荒木飛呂彦原画展 JOJO 冒険の波紋 in 大阪 感想

『荒木飛呂彦原画展 JOJO 冒険の波紋』in 大阪 感想


大阪は天保山、大阪文化館で開催中の『荒木飛呂彦原画展 JOJO 冒険の波紋』へ行きました。ジョジョと言っても僕は第5部までしか読んでないので、いっぱしのジョジョラーとは言えない半端者なのですが、いやいや半端者こそジョジョラー、こりゃ行かにゃならんだろと。大阪での開催は2018年11月25日~2019年1月14日なので、グズグズしてると学生さんたちが冬休みに入ってしまう。

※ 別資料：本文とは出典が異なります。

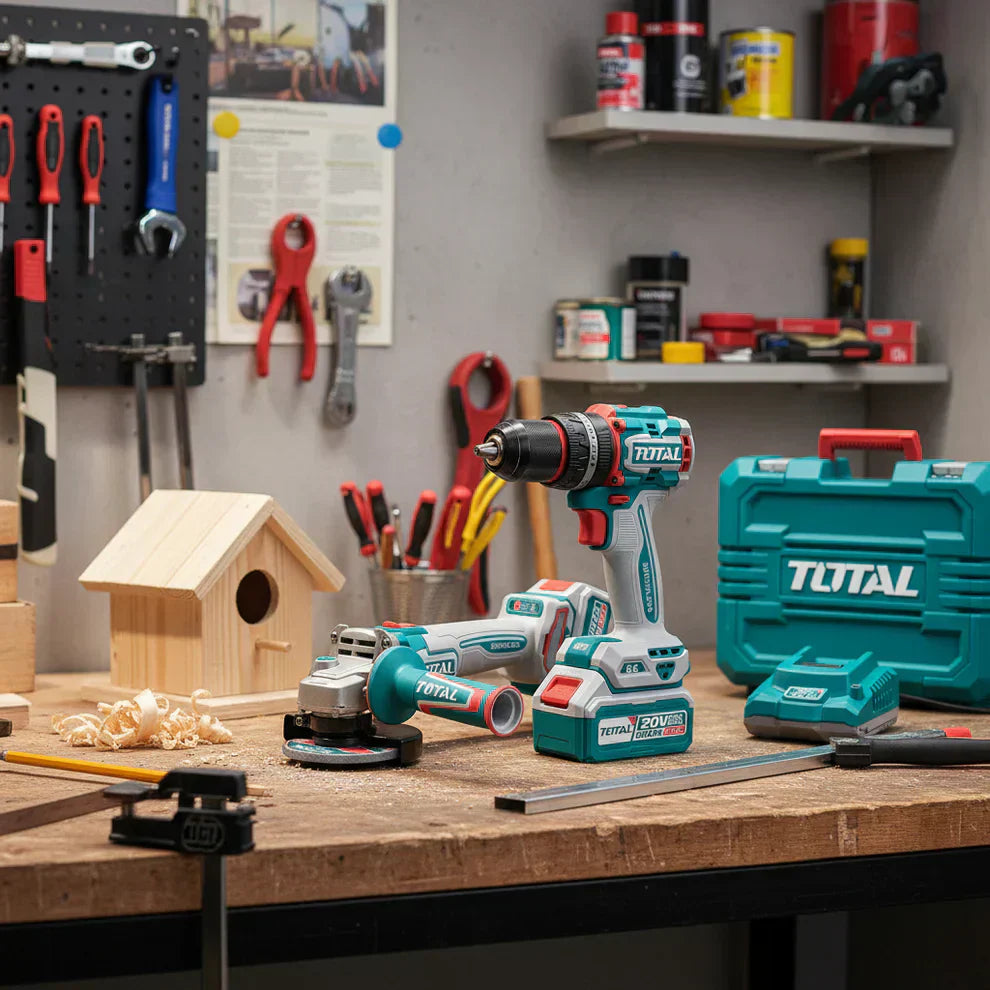 Pack TOTAL TOOLS Taladro + Amoladora 20V: Potencia Brushless y 2 Baterías para proyectos ilimitados.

たださえ混んでそうなので、慌てて行くことにしました。

行って思ったこと。想像以上のボリュームでした。大阪文化館には行ったことがなかったのですが、海遊館の横だしどうせ小ぢんまりした会場での小ぢんまりした展覧会だろうと高を括っていたら意外や意外。見どころ満載で、そんなにゆっくり観ていた覚えはないのですが全部観るのに2時間以上はかかりました。素直に行って良かったです。

とにかく原画がいっぱい置いてあって、荒木先生は原画展なのでライブ感を楽しんで欲しいと仰ってましたが、実にその通り。例えばジャンプ掲載時の原画には下描きが透けて見えてそのまま。僕は漫画の世界に疎いのでよく分かりませんが、薄い青の色鉛筆のようなもので、下描きをしていて(青だと印刷時に写らないからかな?)、そのラフな幾つかの線が躍動感を醸し出していて、で近づいて見ると結構修正液で修正してるんですね。これがかえってリアリティーを出していて、やっぱり躍動感、絵が生まれていく生々しさが表れていました。

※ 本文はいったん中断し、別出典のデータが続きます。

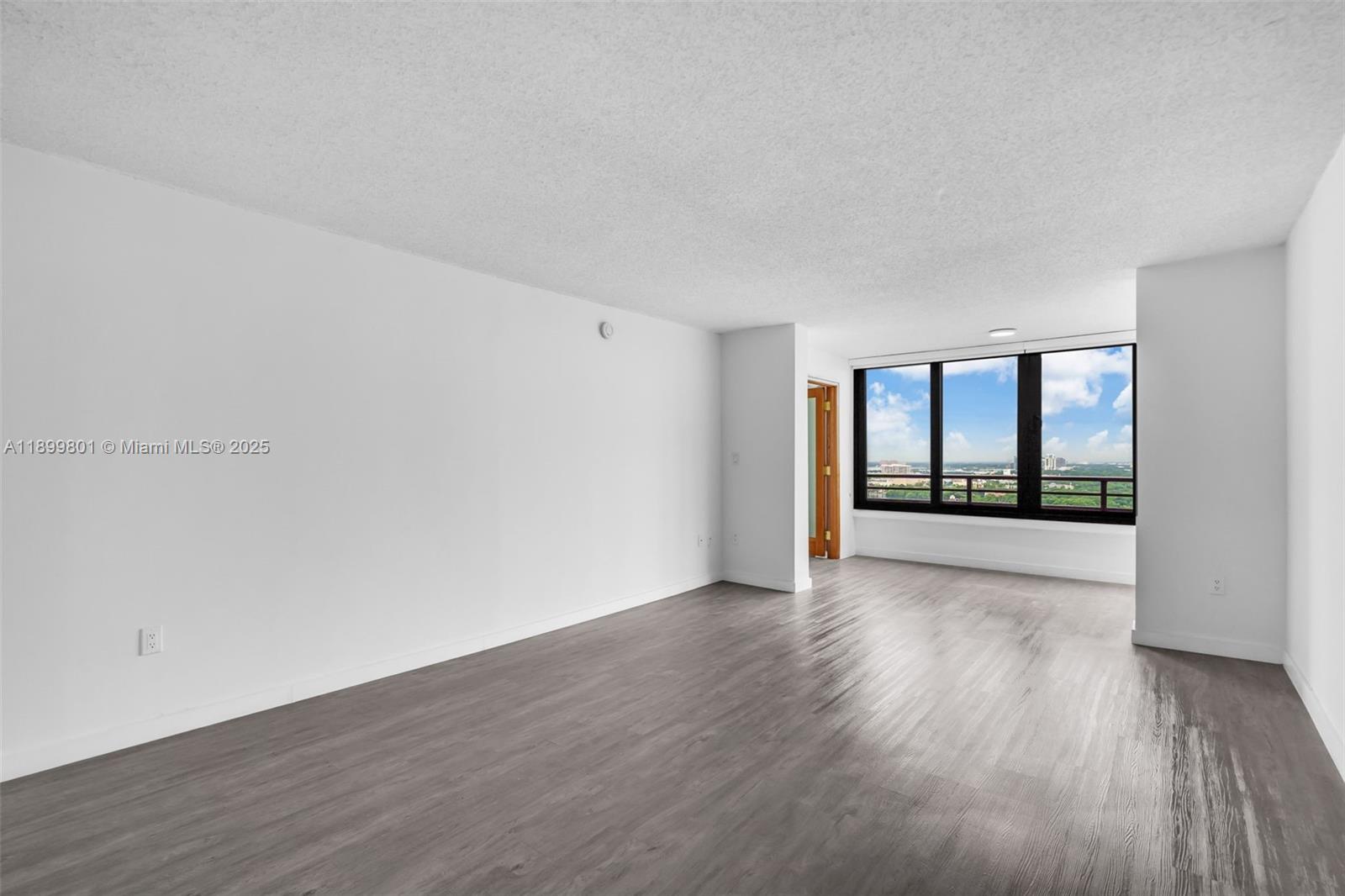 2333 Brickell Ave #PH208, Miami FL 33129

展示の流れも良かったですね。導入部があって、ジャンプ掲載時の原画があって、カラー原画があって。ジョジョ漫画の論理的な解説もあり、最後にクライマックスというかドカンと縦2メートルぐらいの描き下ろしカラー原画が部屋を囲むようになんと12枚!!流石偉大な漫画家というか、起承転結がちゃんとあって飽きさせない趣向が凝らされているなと。荒木先生が今回はベスト・オブ・ベストを出したと語っていたようにホントにずっしりとしたボリュームの展覧会でした。

で今言ったように始めに導入部があって、そこで先ず我々は「ドドドド~、ジョジョ展に来たぜぇ~」てテンションが上がるわけですが、色んなパターンの原画を観て最終的には「荒木先生スゲェ!」ってなる。恐らく多少なりとも絵が好きな人であれば、ジョジョ自体を知らなくても圧倒的な画力にひれ伏してしまう。やっぱ荒木先生の絵の力は相当なものなんだと。色彩感覚は相当なものなんだと。そこは改めて思いましたね。

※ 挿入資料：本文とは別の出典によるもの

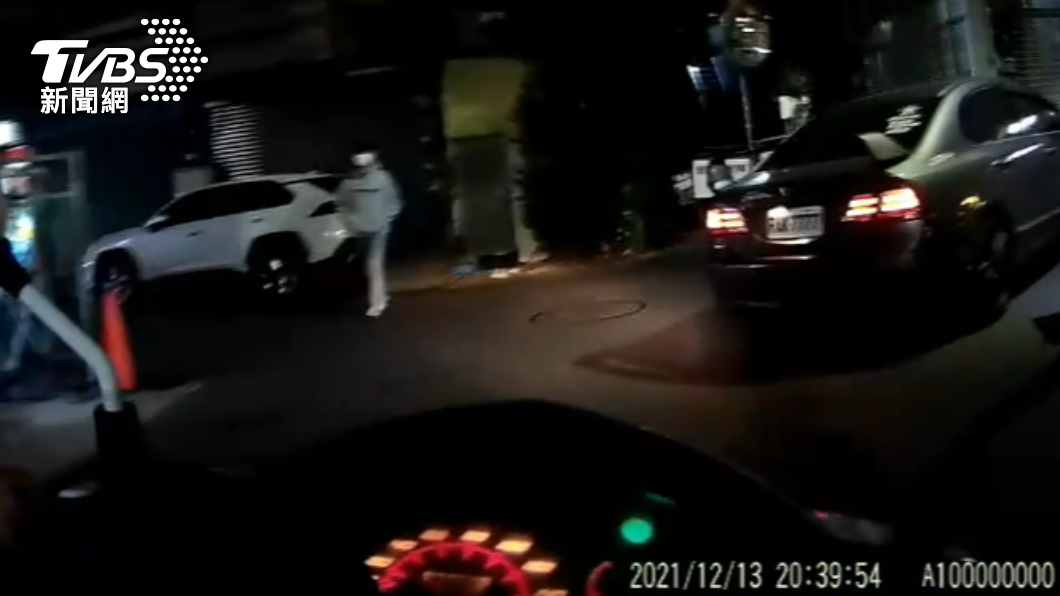警方見張男掛假車牌,隨即上前攔查。(圖/警方提供)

だからジョジョの世界というか、ここはもう荒木先生の世界と言うべきでしょうね。大衆漫画ですから面白くてナンボなんですが、そういうコマーシャルな部分よりもむしろ作家性がバーンッ!と来る。石の塊みたいな物量でゴゴゴ~ッとこれが荒木・ザ・ワールドッ!みたいに来る。荒木飛呂彦という作家の個性が全面に表れていて、でもこれ、実は作家として当たり前のことですよね。僕は詩が好きですから詩人で例えますが、茨木のり子さんにしても吉増剛三さんにしてもその言葉は圧倒的に茨木さんで圧倒的に吉増さんですから、そこは僕個人としても凄く刺激になりました。

あと、さっきも言ったように下描きなんかの展示もありますから、創作の一端が垣間見える部分もありまして、そこは非常に興味深かったです。有料ですが荒木先生の音声ガイドもあり、裏話も聞けたりするのでなかなか面白いです。ガイドの中身はネタバレになるから書きませんが(笑)。

とにかく初めから最後までジョジョ、ジョジョ、ジョジョ。ジョジョ展なんで当たり前ですが、僕としてはジョジョ展というより荒木飛呂彦という一人のアーティストの絵画展という印象を強く持ちました。単純ながら「オレも絵を描きてー!」と思わせるような圧倒的な波紋のエネルギーというか刺激を与えてくれる展覧会で、荒木先生がライブ感を楽しんで欲しいって言ってたのはそういうことだったのかもしれないですね。人に何かしらの意欲をかき立たせる、触発させるっていうのは優れたアートの一つ条件ではないかなと。そこは改めて感じました。